WHAT THE TASK ASKS: Would you transcribe the listing that follows, character for character, and omit its images?

DATA EXCERPT:
= = = =
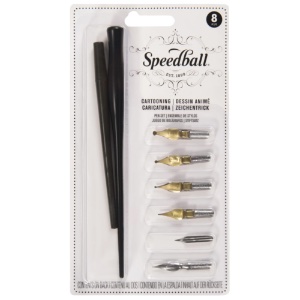Speedball Cartooning Project Set with Pen Holders and Nibs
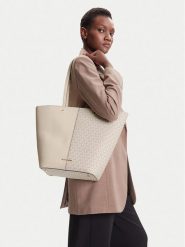 MICHAEL Michael Kors Torebka Flora 30T5GFFT3B Kremowy. Białe shopper bag MICHAEL Michael Kors, bez wzorów, ze skóry, bez dodatków. Za 795.99 zł.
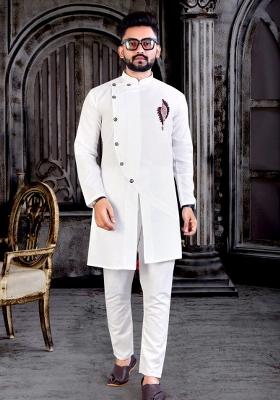 White Embroidered Cotton Kurta Set For Men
= = = =
ANSWER TO THIS EXERCISE:
Speedball Cartooning Project Set with Pen Holders and Nibs
 MICHAEL Michael Kors Torebka Flora 30T5GFFT3B Kremowy. Białe shopper bag MICHAEL Michael Kors, bez wzorów, ze skóry, bez dodatków. Za 795.99 zł.
 White Embroidered Cotton Kurta Set For Men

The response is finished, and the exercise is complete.